→ Task details:
What you write should be an exact repeat of the lines from the one with "Alright guys, welcome" through the final line below, minus the pictures.

(Items listed in a dataset)
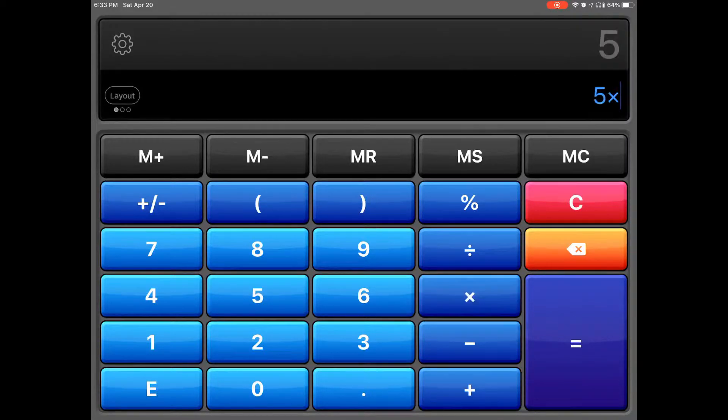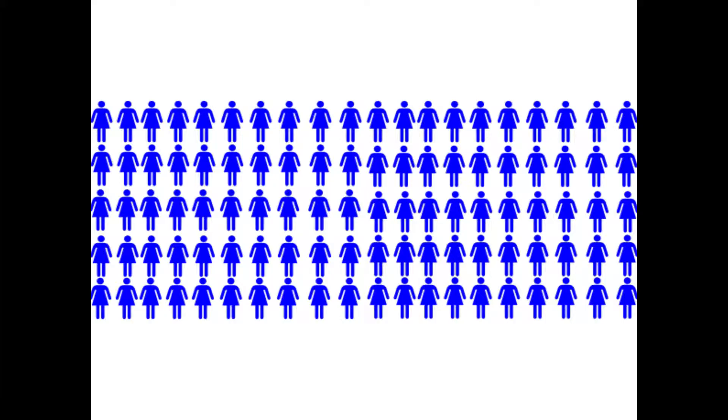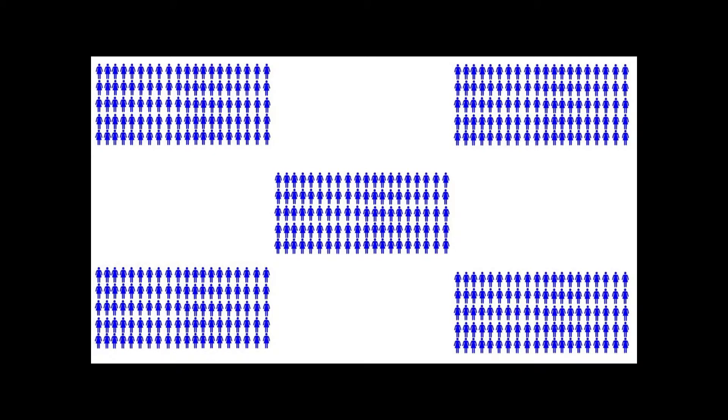5 rows times 20 columns is 100. Now imagine that times 5. Now that's a lot of people. But anyways,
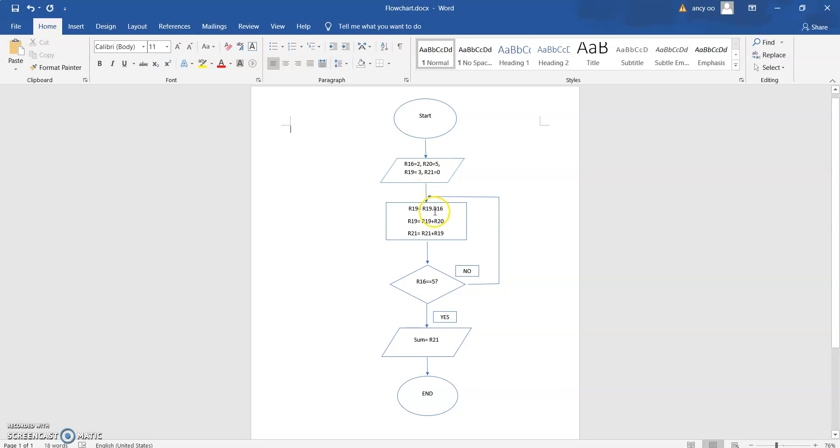And then next, we're going to move on to the process of multiplication and adding in order to get the equation. This represents the equation to obtain the result. And R21 represents the sum of the values that we're going to get.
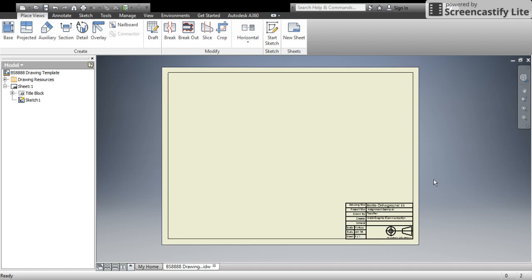So now I'm going to start adding in drawing views of my different components. Depending on what you're being asked to do, you might be putting in orthographic views, you might be putting in pictorial views, so you might be putting in 2D views or 3D views.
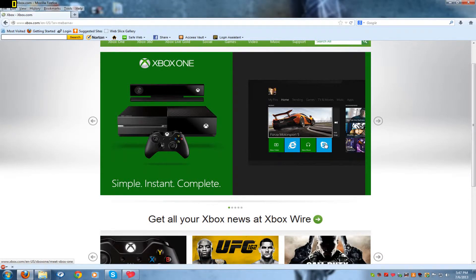Alright guys, welcome to Saturday Blogs Episode 9 and today I'm coming to the defense of the Xbox One.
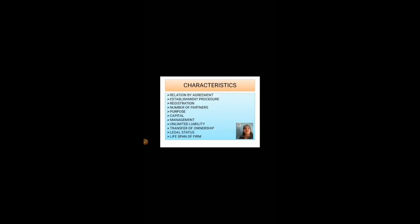Characteristics of a partnership firm. First, relation by agreement — in a partnership firm, an agreement is necessary; it may be written or oral, but agreement is a must. Second, establishment procedure — the establishment procedure is quite easy with no major legal procedures required. Third, registration — registration is not compulsory but it is advisable. Fourth, number of partners — minimum two and maximum fifty partners are required in a partnership firm.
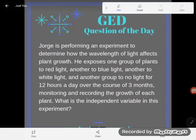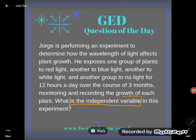Hey GED students, it's GED Question of the Day and we're still looking at Jorge and his scientific experiment. Jorge is performing an experiment to determine how the wavelength of light affects plant growth. He exposes one group of plants to red light, another to blue light, another to white light, and another group to no light for 12 hours a day over the course of three months, monitoring and recording the growth of each plant. What is the independent variable in this experiment?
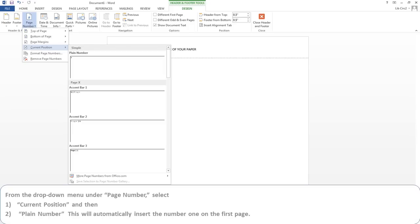From the drop-down menu under Page Number, select Current Position, and then Plain Number. This will automatically insert the number 1 on the first page.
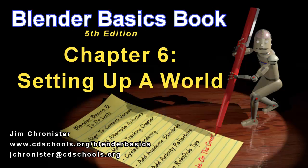Hello and welcome to the Blender Basics video series. These videos are designed to accompany the chapters found in the Blender Basics tutorial book and not as a replacement. So if you don't have the book, head over to www.cdschools.org/BlenderBasics to download a free copy.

→ Result of this exercise:
Alright guys, welcome to Saturday Blogs Episode 9 and today I'm coming to the defense of the Xbox One.
Characteristics of a partnership firm. First, relation by agreement — in a partnership firm, an agreement is necessary; it may be written or oral, but agreement is a must. Second, establishment procedure — the establishment procedure is quite easy with no major legal procedures required. Third, registration — registration is not compulsory but it is advisable. Fourth, number of partners — minimum two and maximum fifty partners are required in a partnership firm.
Hey GED students, it's GED Question of the Day and we're still looking at Jorge and his scientific experiment. Jorge is performing an experiment to determine how the wavelength of light affects plant growth. He exposes one group of plants to red light, another to blue light, another to white light, and another group to no light for 12 hours a day over the course of three months, monitoring and recording the growth of each plant. What is the independent variable in this experiment?
From the drop-down menu under Page Number, select Current Position, and then Plain Number. This will automatically insert the number 1 on the first page.
Hello and welcome to the Blender Basics video series. These videos are designed to accompany the chapters found in the Blender Basics tutorial book and not as a replacement. So if you don't have the book, head over to www.cdschools.org/BlenderBasics to download a free copy.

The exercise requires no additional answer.